When the Titanic sank on April 15, 1912, those not lucky enough to secure seats on one of the lifeboats soon knew the agony of the freezing waters off the Nova Scotia coast. However, it is believed that they didn’t suffer for long as exposure most likely took them quickly. With bodies floating in a macabre, icy soup, recovery ships were quickly dispatched.
It so happened that the White Star Line, the company that owned the Titanic, had offices in Halifax, Nova Scotia. They dispatched four ships and recovered 328 bodies. Many were returned to the frigid waters in burials at sea, but 209 bodies were brought to the port closest to the disaster, Halifax. Tedious and painstaking identification processes began. An engraved piece of jewelry or initials sewn into garments often disclosed the only clues to identity. Proudly, passengers boarded that ship with a ticket that bore their names. Sadly, many left it without personal belongings that could tell us those names. To this day, at least forty bodies lie in graves that bear no names. One grave is for an Unknown Child whose body was recovered and never identified.
At Fairview Lawn Cemetery in Halifax, more than one hundred black granite markers stand, side by side. The personal stories and places of origin all differ, but one date unites them for an eternity and appears on every stone: April 15, 1912.

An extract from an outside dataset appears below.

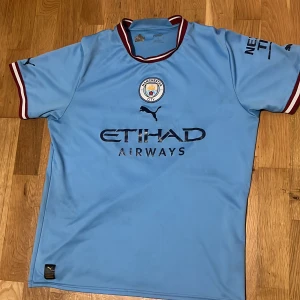 Manchester City matchtröja Puma - Säljer en Manchester Citys officiella matchtröja i ljusblått från Puma. Tröjan har klubbmärke på bröstet, svarta Puma-loggor och sponsortryck. Krage och ärmslut har vita och vinröda detaljer. Tillverkad i lätt och ventilerande material, perfekt för fotboll eller supporterliv. Säljer den för den inte kom till användning och den är såklart äkta som man ser på bild 2. Ursprungliga priset 1100kr och säljer den för 599kr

In great anticipation, it is easy to hurry along the paths that lead to the three, unforgettable rows of stones honoring Titanic victims. However, once the markers are in sight, visitors suddenly slow their pace and walk with great reverence and compassion for the lives so tragically cut short.

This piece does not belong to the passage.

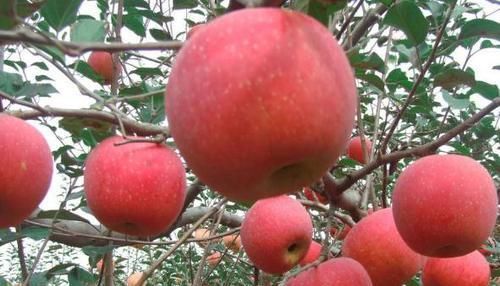 苹果和此物一起煮，每天来一碗，腰细了，睡眠好了，身材棒棒哒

One, in particular, tugs at the heart strings. It is often adorned with stuffed animals and flowers left by empathetic visitors. A twenty-nine year old mother, Alma Paulson, who should have known the joys of handmade birthday cards and special bedtime stories, instead entered the icy waters that night along with her four young children. One can only imagine the bravery she had to muster when her babies were screaming for her to make it all right. Did she draw them close together and tell them not to be afraid?
The White Star Line purchased the section of land where the graves are found. The company provided small, black granite stones with the name, or body number, and the date. If relatives or friends wanted additional etching or larger stones, it was their responsibility to provide it.
Of interest, however, is a stone that was erected by J. Bruce Ismay, Managing Director of The White Star Line. Ismay was heartbroken and, perhaps, suffered from survivor’s guilt. He paid for one large stone “to commemorate a long and faithful service” by chief deck steward, Ernest Freeman. Freeman remained dedicated until the end. His tombstone reads:
“He remained at his post of duty,
Seeking to save others,
Regardless of his own life
and went down with the ship.”
Almost everyone can recite historical Titanic facts. Yet, every row, every stone, every name and body number reminds us that this was no easy recital and it was certainly no Hollywood movie. Not all of the souls aboard that ship were privileged and the ones trapped on the lower decks had to have suffered unspeakable emotional pain before their bodies suffered excruciating exposure to the elements.
Regardless of their ticket class, each passenger, each soul, was important to family and friends somewhere. Love connected them to others and, in the end, that’s what mattered, not the possessions, or lack thereof. Today, we are connected to others by love. When our time is up, that is what will matter to us, too. That is the fascination about the Titanic. For every one of us today, there was someone on that ship to whom we could relate and for whom we can mourn.
That’s why they still come. That’s why they will always come.